# Total DCC control..is it worth the time and effort?



## luvadj (Jul 3, 2017)

My latest project on the layout has left me dissatisfied...and I wondered what everyone else felt about it.

The goal was to fully automate the layout with DCC which meant switches and lighting along with loco operation. I found some Lenz LS110's on Ebay and hooked them up with some great connectors called "Power Plugs" from Ideal Industries that I found at home depot. I can plug and unplug them at will to the programming track to adjust dwell time as they're mostly Atlas snap switches.

They work fine but I find it a hassle constantly pushing buttons to access an accessory, then tell the system which switch to operate and then which position I want the switch to be in. It seems much easier to just slide a snap switch and push it once for each switch. So for now I've disconnected the LS110's from the power station.

Has anyone else tried to fully automate their layout and how do they feel about operating their layouts on nothing but DCC?


----------



## johnfl68 (Feb 1, 2015)

DCC is a tool, and it is up to you to choose how to use that tool.

Some people take it all the way with JMRI controlling everything on the layout, fully automated with time tables, etc.

Some people use DCC to help control things that are in hard to reach places on larger layouts, and use local control for easy to reach things.

Some people just use DCC for controlling engines.

It's *your* layout.
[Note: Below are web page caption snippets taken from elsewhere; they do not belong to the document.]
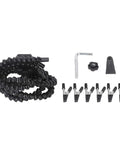 Components of Five Arm Soldering Helping Hands Station with 360 Degree Rotating Clips for PCB Repair and Craft Projects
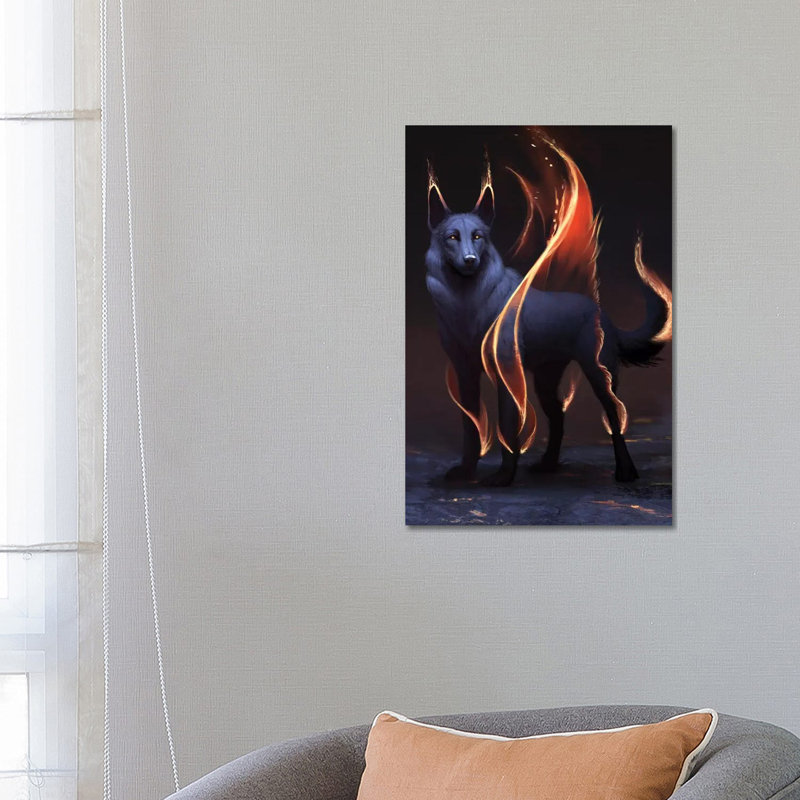 Fire Within by Jade Merien - Wrapped Canvas Gallery-Wrapped Canvas Giclée, 66.04 cm H x 45.72 cm W x 3.175 cm D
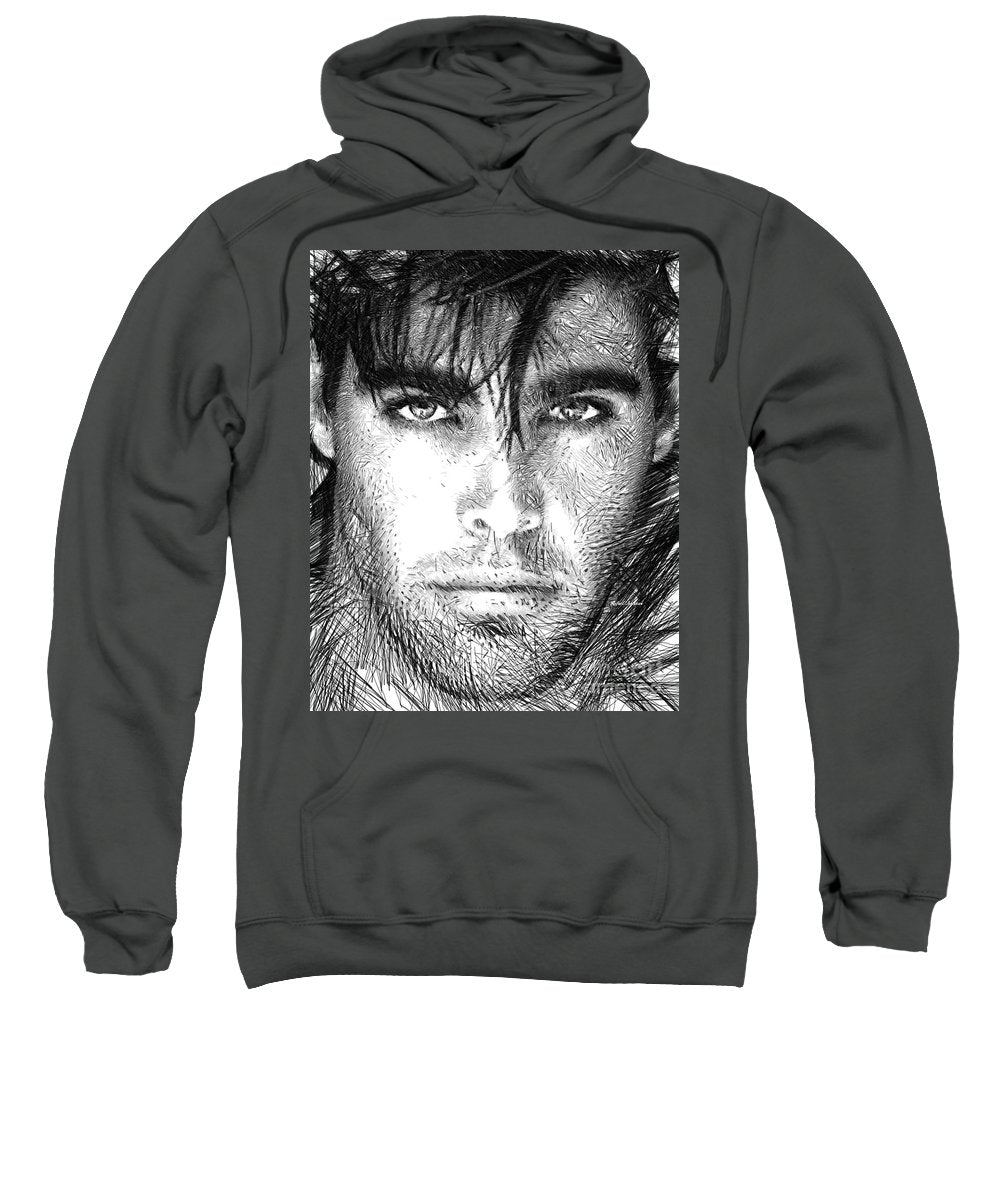 Male Portrait 1359 - Sweatshirt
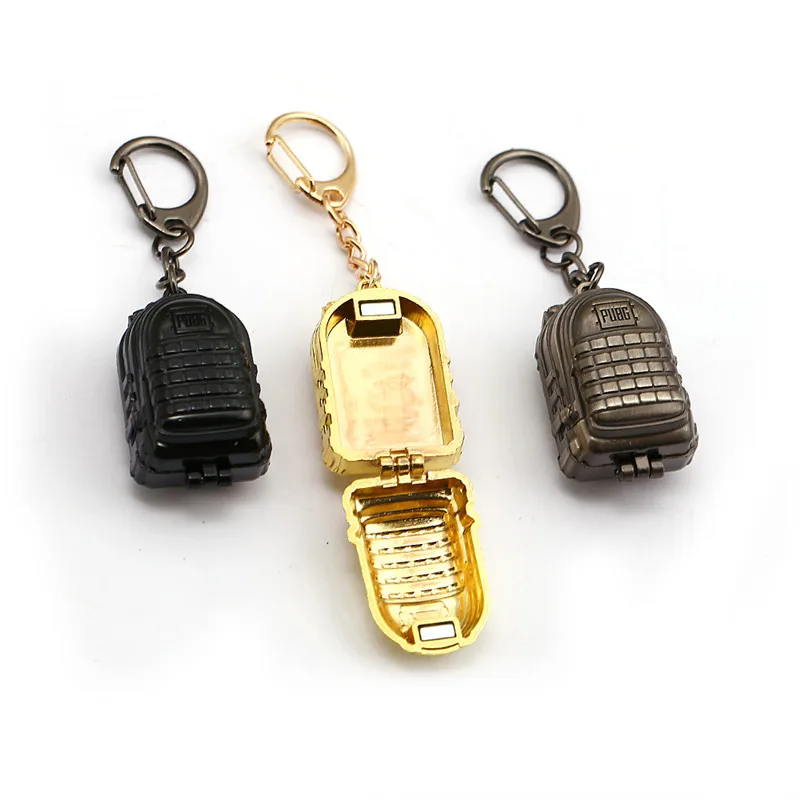 Новая игра Pubg уровень 3 сумка мини брелок из металла PUBG брелок для ключей для мужчин автомобиль для женщин сумка может открыть чавейру Ювелирные Изделия Сувенир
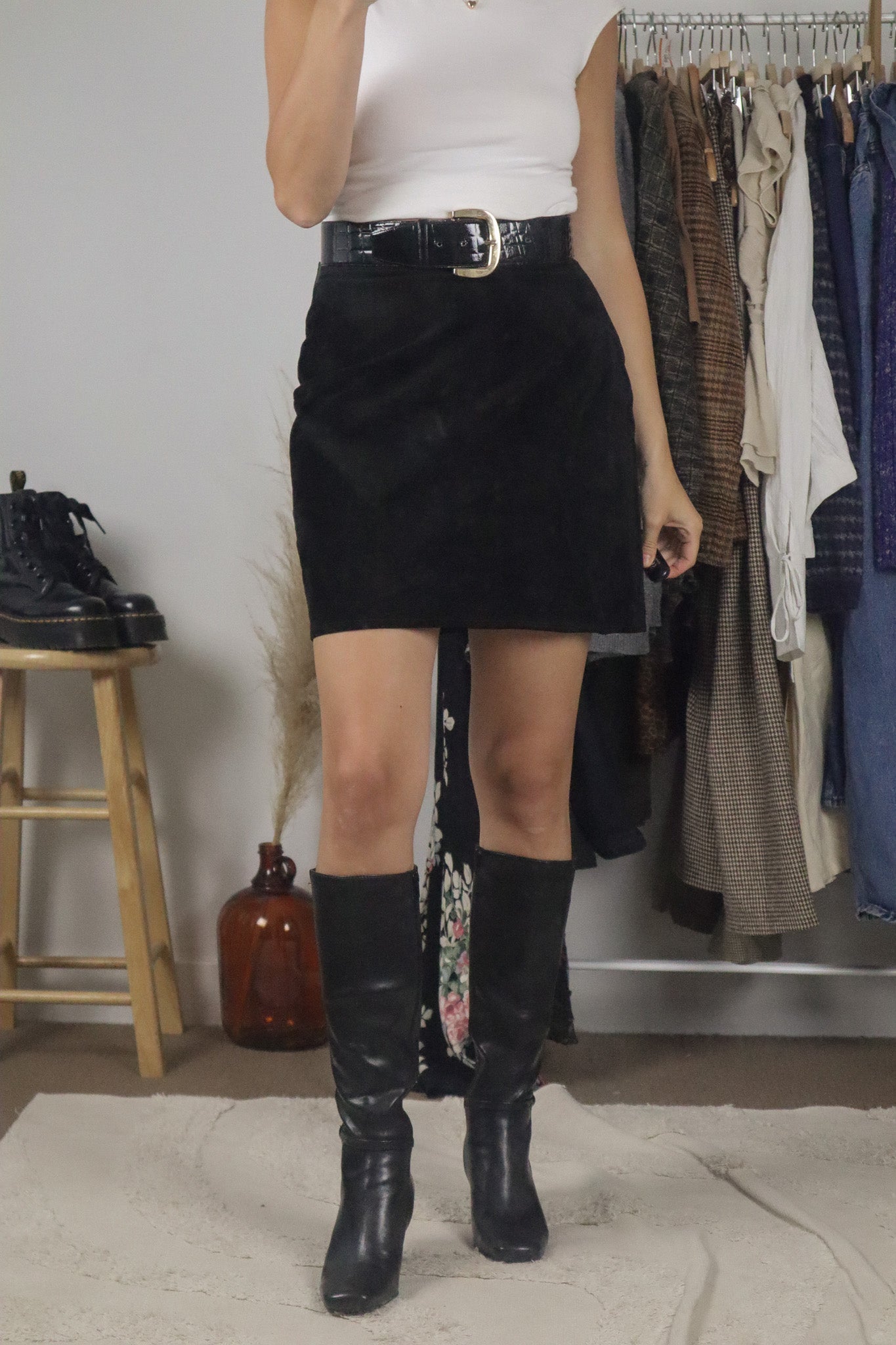 Made in Canada x Vintage x Suede Skirt (6)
Really it is up to you as to what you do and don't do with DCC. If you are unhappy with it, then do things the way that will make you happy.


----------



## D&J Railroad (Oct 4, 2013)

If you're using Tortoise machines, you can set them up with a SE8C board so you only have one momentary push button next to the turnout (or where ever else you want to put it) and you can also use your DT402 series throttle to control the turnout. The momentary push button is: push once to throw the turnout. Push it again to throw the turnout back the other way.


----------



## CTValleyRR (Jul 26, 2014)

My DCC system is only for control of the locomotives. Turnouts and indicator lights for the turnouts are controlled via separate controllers, push buttons, and servos from Tam Valley Depot.

That's exactly the right level for me, and it was totally worth the (not very much) trouble to set it up.


----------



## D&J Railroad (Oct 4, 2013)

The DS54 is controlled through DCC. The signal control is passed over the loconet. Data from the BDL168 is passed over the loconet.


----------



## DonR (Oct 18, 2012)

Here is a discussion of an automated layout.

There is a video of operating running trains
near the end of the thread.

http://www.modeltrainforum.com/showthread.php?t=129170&page=2

Don


----------



## sachsr1 (Mar 3, 2016)

I ran into the same problem with DCC control of turnouts. I found it cumbersome to change turnouts from my PowerCab. At first I used my iPad to access a JMRI layout, but even that became kind of annoying. I control my layout from an island in the middle, so I'm never more than 10 feet from a turnout. I added fascia buttons near all the turnouts on my line, and I'm doing a control panel for the yard area. I also added a tiny bit of route automation to one turnout. My two main loops come together at one turnout, and I keep forgetting to throw the turnout. The worst part was just past the turnout was a bridge, so I had to take all the cars completely off the track to re-rail it. I just added two reed switches to each section leading up to the turnout, and glued strong little magnets under each loco. The reed switches trigger the turnout to change automatically. That one turnout was about 50% of my total switch hitting. 
I really like gadgets and electronics, but I found out it way easier to hit a button.


----------



## Mark VerMurlen (Aug 15, 2015)

I went to full automation with my layout. I would agree with you that throwing turnouts via a DCC throttle is cumbersome. I went with a touch screen PC to control my layout. I can throw turnouts by simply touching a turnout on the computer screen. Better yet, I can have the computer throw the turnouts for me. As others have said, you can go as simple or complex as you want. Lots of options/ideas already given up above. For details on my layout, I have a thread showing its construction. Start at http://www.modeltrainforum.com/showthread.php?t=53721&page=5 where I start working on the full DCC control system.

Mark


----------



## RT_Coker (Dec 6, 2012)

This is in response to the tread title “Total DCC control..is it worth the time and effort?”.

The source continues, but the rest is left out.